Do there exist positive integers $b,n>1$ such that when $n$ is expressed in base $b$, there are more than $n$ distinct permutations of its digits? For example, when $b=4$ and $n=18$, $18 = 102_4$, but $102$ only has $6$ digit arrangements. (Leading zeros are allowed in the permutations.) Lewis Chen.
Problem
Source: ELMO Shortlist 2012, N4
Tags: factorial, number theory proposed, number theory
hyperbolictangent
06.07.2012 02:55
Suppose there existed such a pair $n, b$, and let $r$ be the number of digits in the base $b$ representation of $n$, so that $b^{r - 1} \le n < b^r$. For each of the $b$ possible digits $i$ in base $b$, let $a_i$ denote the number of $i$'s in the representation of $n$. Then the number of permutations of digits in base $b$ is given by \[\frac{(a_0 + a_1 + \dots a_{b - 1})!}{(a_0!)(a_1!)\dots(a_{b - 1}!)} = \frac{r!}{(a_0!)(a_1!)\dots(a_{b - 1}!)}\]

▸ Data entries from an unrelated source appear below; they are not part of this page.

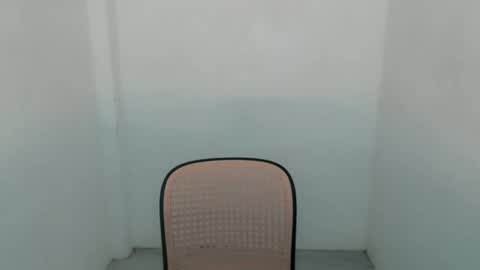 Snapshot of lady_jedyy chatting on 02/23/25, 07:38   online show from 02/23/25, 07:38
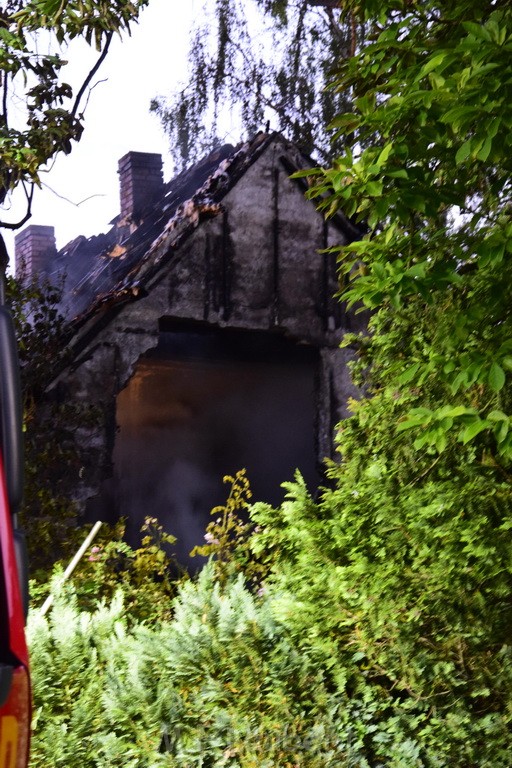 Grossfeuer Einfamilienhaus Siegburg Muehlengrabenstr P0739.JPG - Miklos Laubert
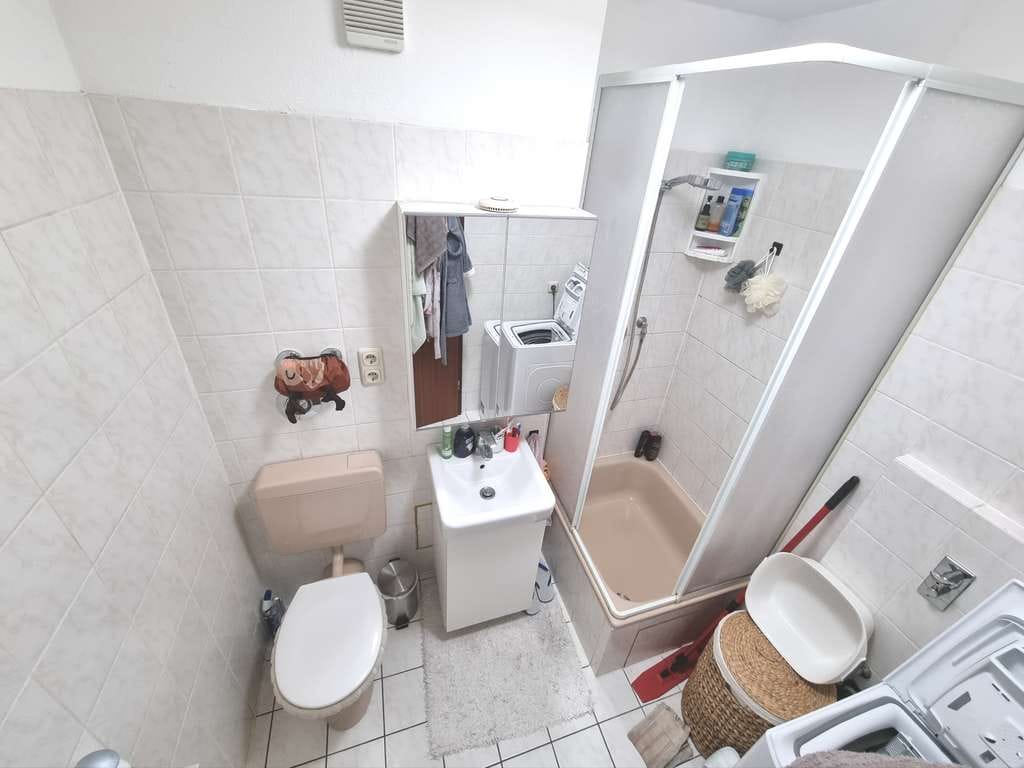 Immobilie in Holzkirchen - Gepflegtes Apartment in zentraler Lage, vermietet - Bild 4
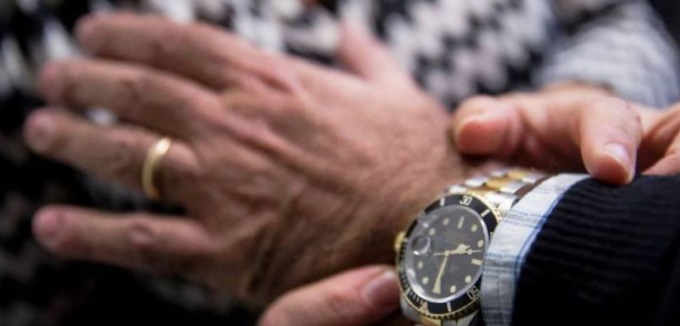 Sexy ladra ruba l’orologio a un negoziante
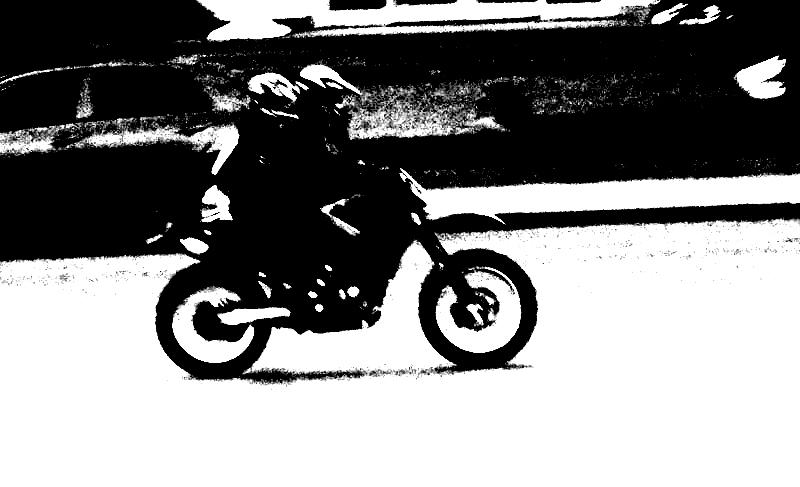 Фото В Агаповском районе бесправный  мотоциклист угробил пассажирку и скрылся
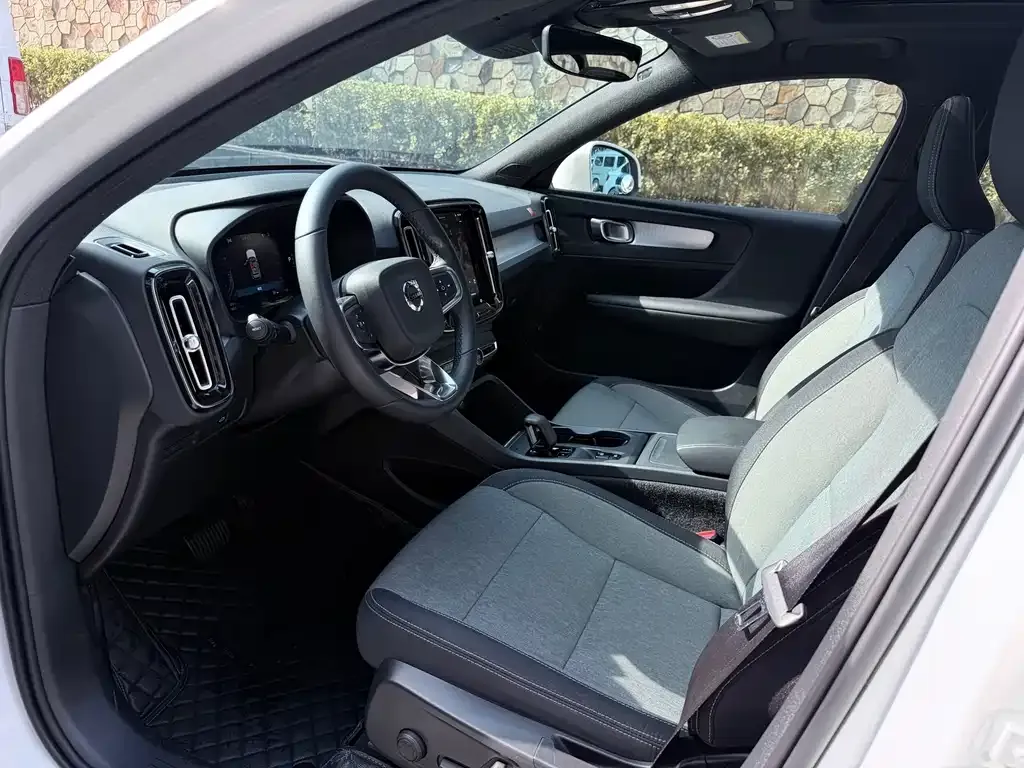 Volvo XC40 2022 из CN, фото 5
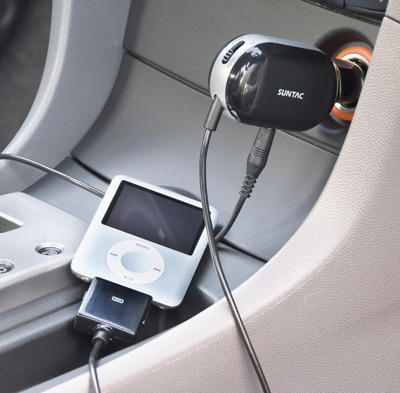 サン電子、車のシガーソケットからiPod充電ができるカーチャージャー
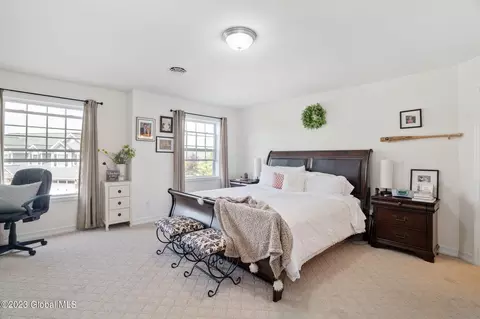 184 Paddock Cir, Schenectady, NY 12306 photo 13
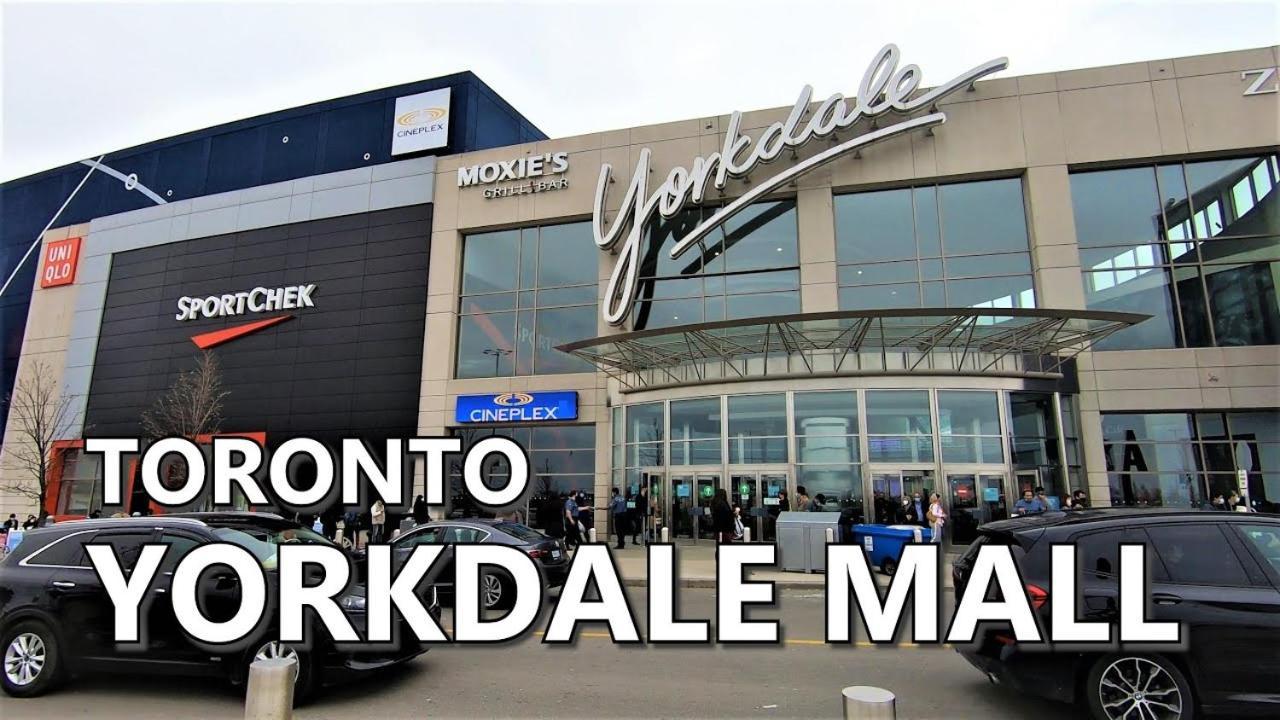Executive Room In Toronto Next To Yorkdale Shopping Centre Екстер'єр фото
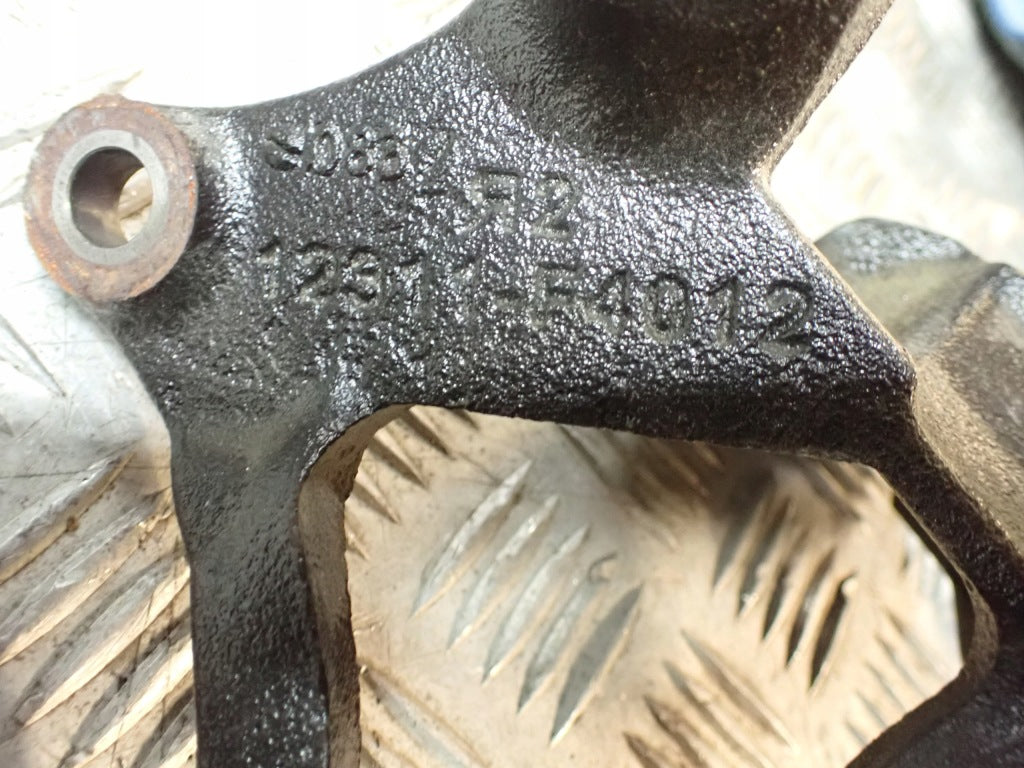 Right Engine Mounting Bracket Toyota Tundra Sequoia 22-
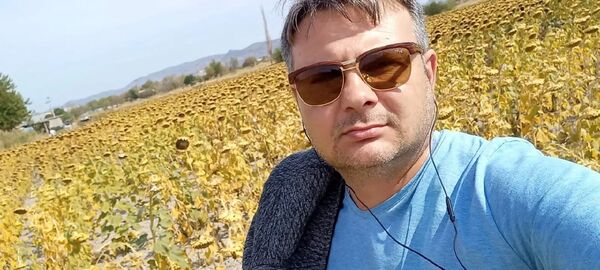  ,   Elman, 42 ,     , c 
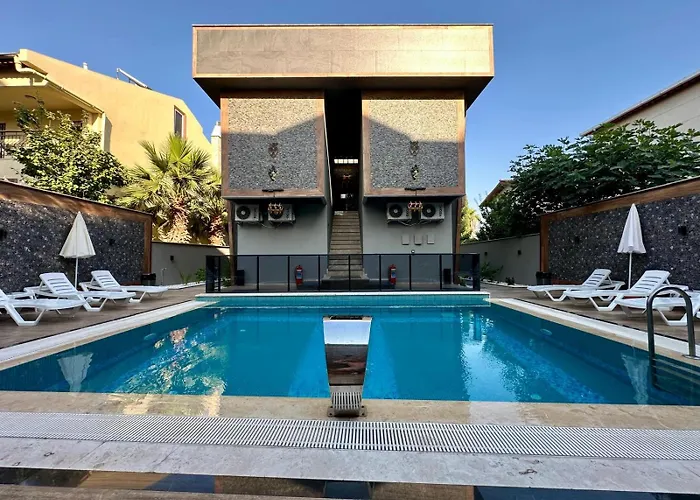 Leo Premium Apartmán Kusadası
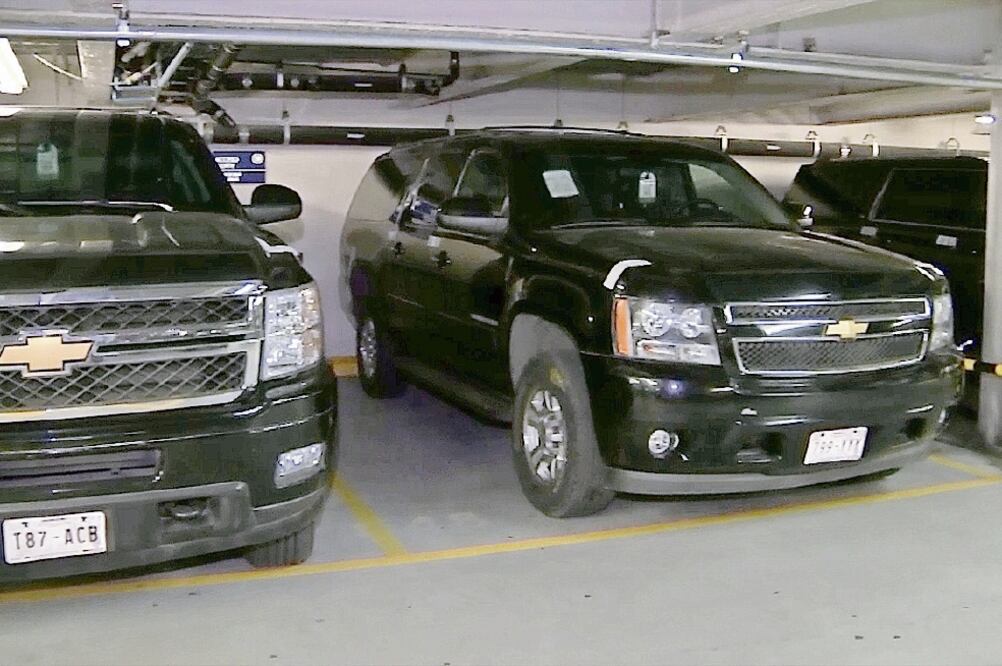 El equipo del presidente Andrés Manuel López Obrador mostró en videos los automotores que subastarán en la base aérea de Santa Lucía. (FOTOS: CORTESÍA)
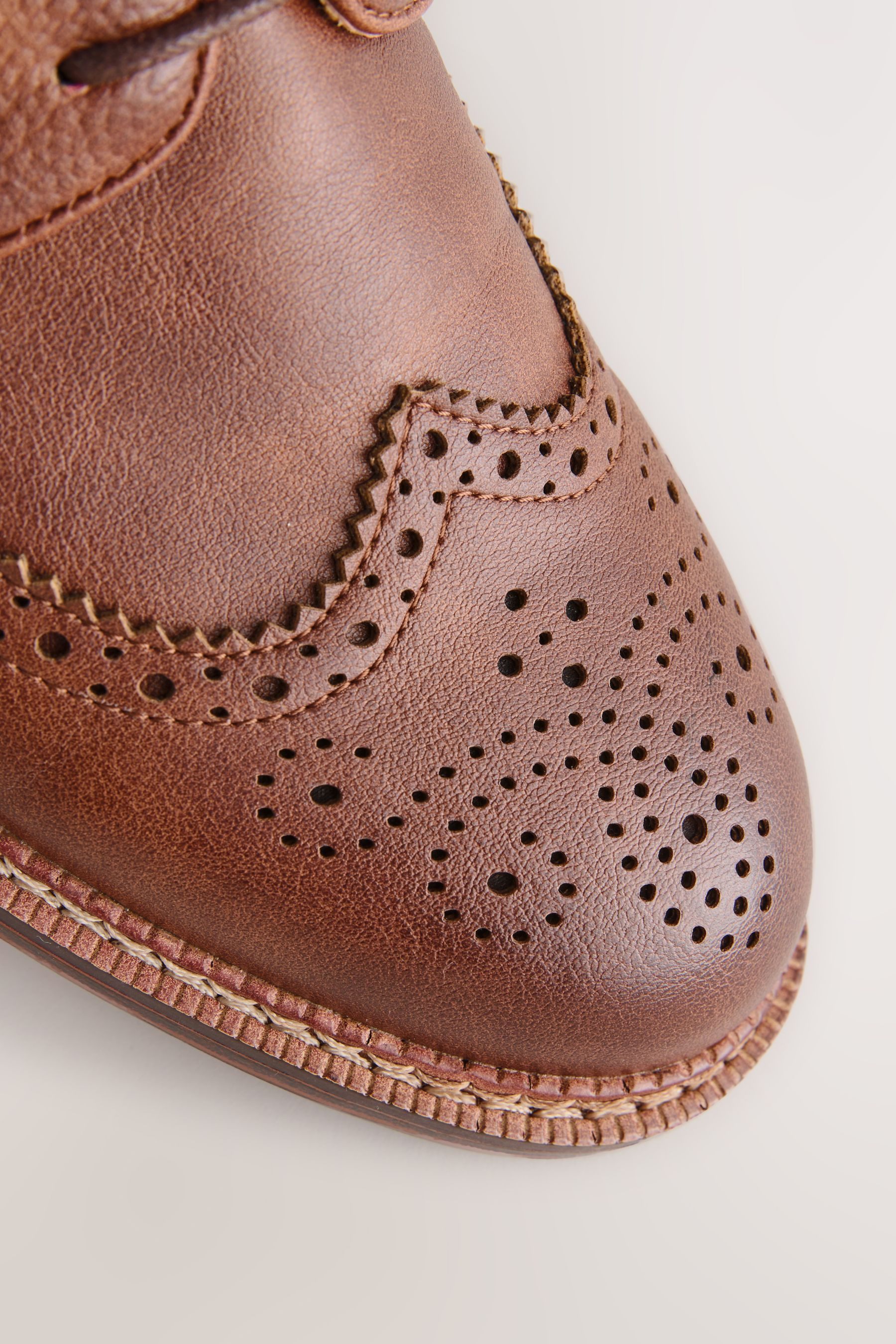 Next Derby-Schuhe aus Leder mit leichtem Keilabsatz Keilpumps (1-tlg)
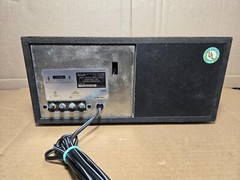 Vintage KLH 100 AM/FM TABLE TOP CLOCK RADIO STEREO ALARM, WORKS GOOD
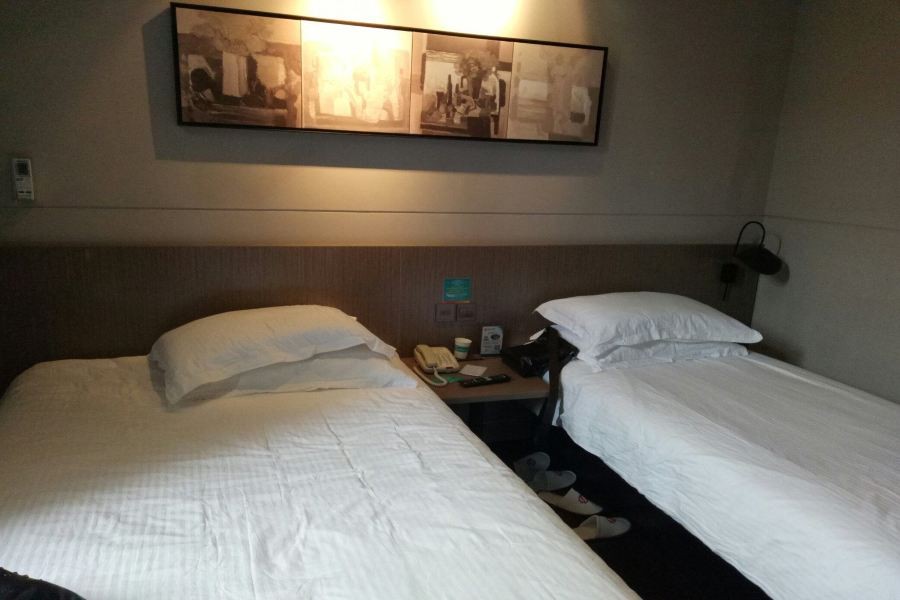 Jinjiang Inn Select (Xi'an Bell Tower North Street Metro Station) 38/67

where \[\sum{a_i} = r\] For a fixed $r$ the number of permutations of digits is maximized when the factorial product in the denominator is minimized. If some $a_i, a_j$ satisfy $a_i - a_j \ge 2$, we can replace them with $a_i - 1$ and $a_j + 1$, respectively, and decrease the product. So no two $a_i$ may differ by more than $1$.
Let $r = pb + q$. Then the number of permutations of digits is at most \[\frac{r!}{p!^{(b - q)}(p + 1)!^q} = \] \[\Bigg( \frac{(pb + q)(pb + q - 1)\dots(pb + 1)}{(p + 1)^q} \Bigg) \Bigg(\frac{(pb)!}{(p!)^b}\Bigg) \le \] \[ (b^q)\prod_{k = 1}^{p}{\Bigg(\frac{(kb)(kb - 1)\dots((k - 1)b + 1)}{k^b} \Bigg) = }\] \[(b^q)(b!)\prod_{k = 2}^{p}{\Bigg(\frac{(kb)(kb - 1)\dots((k - 1)b + 1)}{k^b} \Bigg) \le }\] \[(b^q)(b!)(b^b)^{p - 1} \le\] \[(b^q)(b^{b - 1})(b^{b(p - 1)}) \le \] \[b^{bp + q - 1} \le n\] contradiction. Hence there exist no such $b, n$. The closest we can ever get is when the number of permutations equals $n$ - in this case take $b = n = 2$.
FinalSix
01.09.2013 17:16
Good problem,but I think it's not about number theroy.